■ **What the task requires**:
Give an exact transcription limited to the lines from the one with "Brim Hill, London" through the end of the entries, including both; no pictures belong in it.

■ **Crawled caption data**:
*** Block opens ***

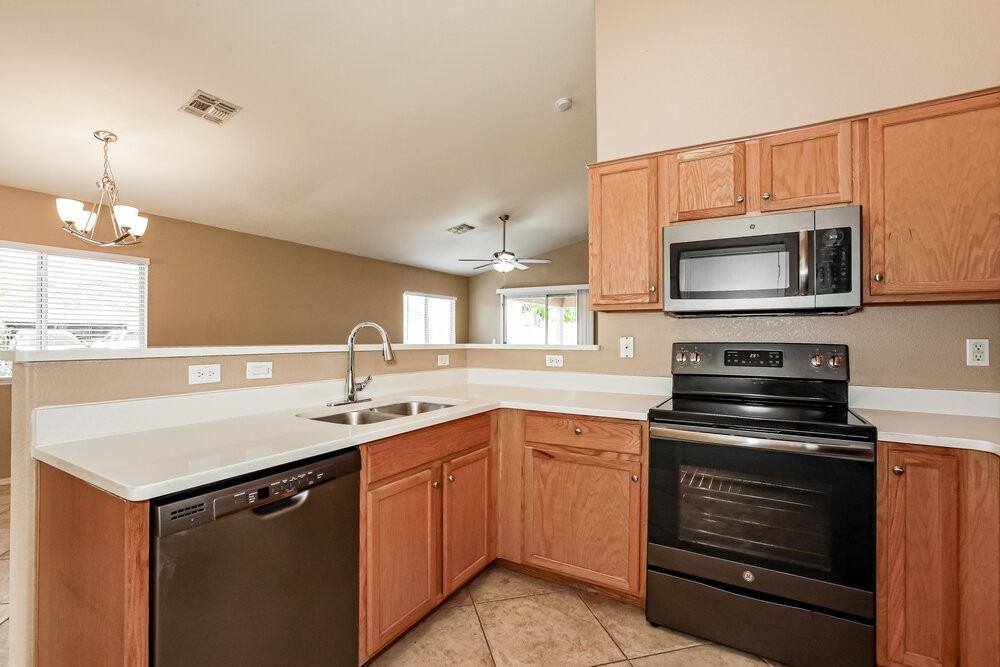803 S Chatsworth - Photo 7 of 16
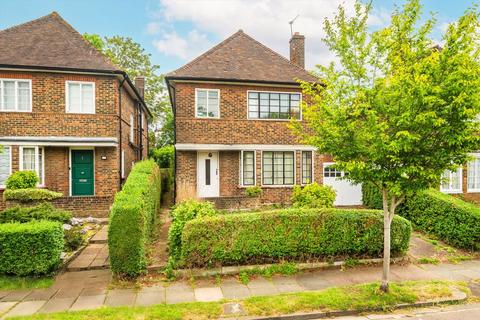 Brim Hill, London N2 4 bed detached house for sale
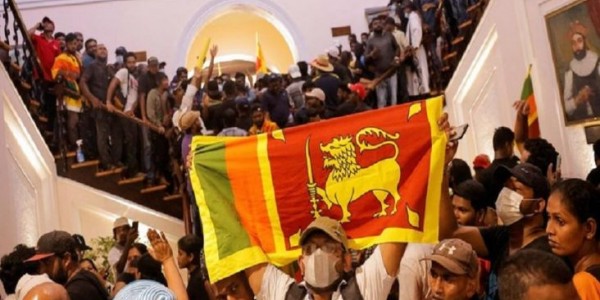 Kabur Digeruduk Massa, Presiden Sri Lanka Tinggalkan Tumpukan Uang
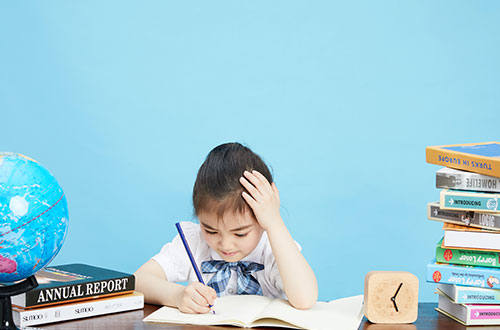 張家口新世紀(jì)職業(yè)學(xué)校每年都有補(bǔ)助是真的嗎？學(xué)校的幼師專業(yè)怎么樣？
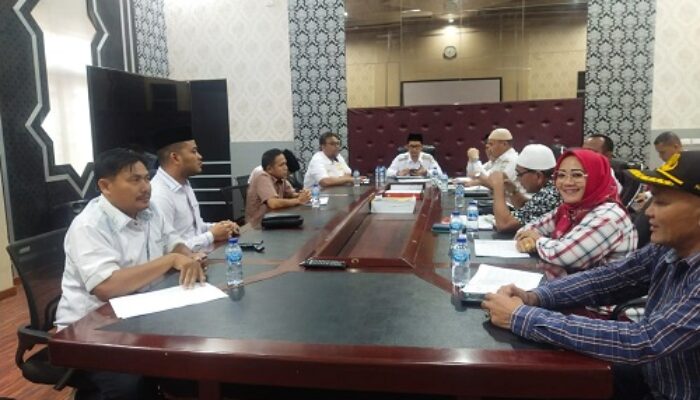 Kesbangpol Agara Bentuk Tim Tertibkan LSM Abal-abal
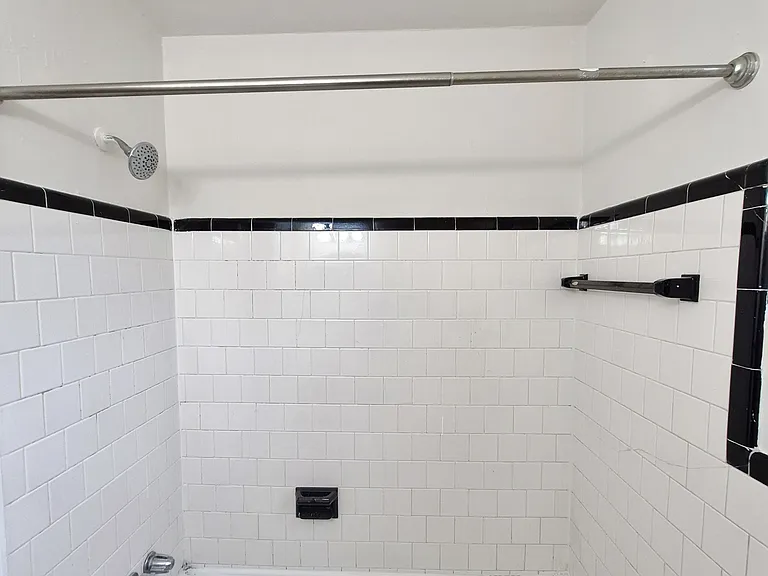 3230 W Grace St #3 — Photo 18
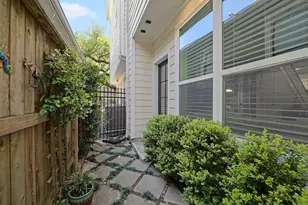 415 W 16th St, Houston, TX 77008 - Photo 23
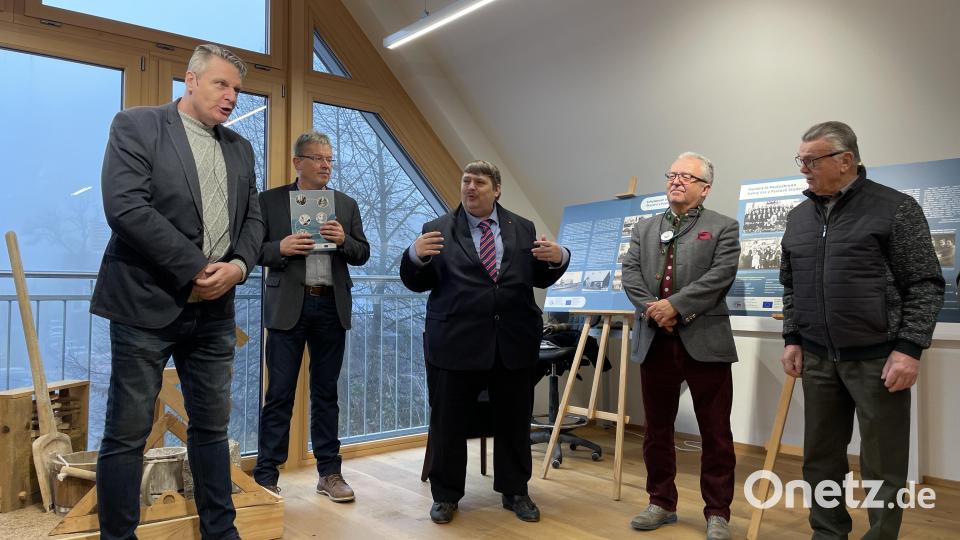 Mit dem Bundesvorsitzenden der Sudetendeutschen Landsmannschaft Bernd Posselt (Mitte) war prominenter Besuch zur Ausstellungseröffnung „Leben in Paulusbrunn“ gekommen. Den Geschichtspark sah Posselt als eine ganz wichtige Investition in die europäische Zukunft. Bild: Michal Kratochvil /exb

*** Block closes ***

■ **Result below**:
 Brim Hill, London N2 4 bed detached house for sale
 Kabur Digeruduk Massa, Presiden Sri Lanka Tinggalkan Tumpukan Uang
 張家口新世紀(jì)職業(yè)學(xué)校每年都有補(bǔ)助是真的嗎？學(xué)校的幼師專業(yè)怎么樣？
 Kesbangpol Agara Bentuk Tim Tertibkan LSM Abal-abal
 3230 W Grace St #3 — Photo 18
 415 W 16th St, Houston, TX 77008 - Photo 23
 Mit dem Bundesvorsitzenden der Sudetendeutschen Landsmannschaft Bernd Posselt (Mitte) war prominenter Besuch zur Ausstellungseröffnung „Leben in Paulusbrunn“ gekommen. Den Geschichtspark sah Posselt als eine ganz wichtige Investition in die europäische Zukunft. Bild: Michal Kratochvil /exb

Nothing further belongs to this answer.